While they may not be the only ensemble to disrupt the conservative world of art-music performance or to work to redefine both the canon and the idea of it, they are the group that must come to mind first in any mainstream survey of the new music territory of the last 50 years. Their intimate partnering with living composers, inclusion of world and popular music traditions (their 1980s version of Hendrix’s “Purple Haze” was a concert staple) and ubiquity in cultural venues from “Good Morning America” to “Sesame Street” has allowed them rise to the top of any search engine query for “exciting modern string quartet.”
The film by Green and his co-writer Joe Bini and its concept are extraordinary. In much the same way that “Forrest Gump” uses the narrative thread of its protagonist to shepherd viewers through important, often traumatic, historical events, Green’s images — made up of interviews, news broadcasts, landscape scenes and performances — lead us on a moving odyssey that begins during the Vietnam War and continues to the present moment. It touches upon post-’60s West Coast hippiedom, the Reagan and Bush presidencies and the ensuing Middle East wars, the HIV/AIDS epidemic, the Los Angeles riots of the ‘90s and the 9/11 attacks. These cultural vignettes and their fallout are set to, and framed within, the thrilling and challenging sounds of the group’s musical evolution from those years.

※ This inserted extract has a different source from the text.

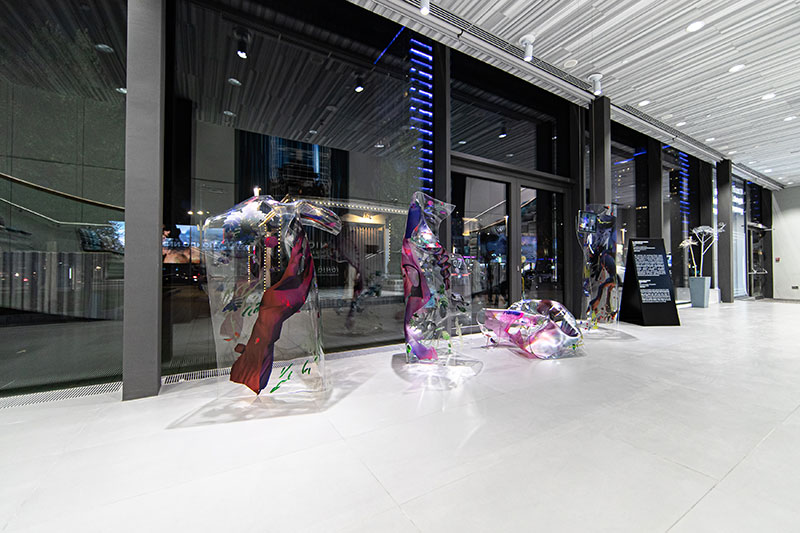   Hyundai Motorstudio        «  »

Pieces as groundbreaking as George Crumb’s “Black Angels” for electrified string quartet (complete with choirs of water-filled wine glasses played with bows), as pastoral as Terry Riley’s Northern-California psychedelic musical meditations, and as starkly dissonant as their accompaniment to Tanya Tagaq’s Inuk multiphonic vocal improvisations were played, characteristically, as if they are somehow kin. The Kronos’ knack for tempering musical extremity with a gentle insistence on open-minded inquiry remains unchanged, and has been a central part of their appeal.

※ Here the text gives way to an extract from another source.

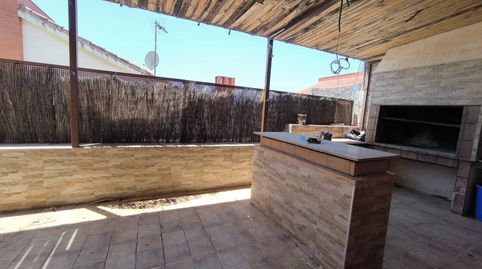 Foto 5 de Casa o xalet en venda a El Esparragal, Murcia Capital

While the quality of the playing on Friday may have been, well, incidental, we heard the group almost as much in our minds as live. The superbly edited film invited the audience to move between their own memories of the events on the screen and an awareness of the onstage performance by the virtuosic players. The current Kronos lineup is David Harrington and John Sherba, violins; Hank Dutt, viola; Paul Wiancko, cello, and their collective performance level is what is has been for half a century in numerous configurations: technically precise, empathetic and gesturally poetic.
The Kronos’ roster is soon to change, with longtime members Sherba and Dutt retiring this year, leaving Harrington as the sole original member. Whoever steps in to fill those chairs, we can safely assume that the group’s long-established commitment to the new and the bold, will continue to push against boundaries while pulling in new devotees.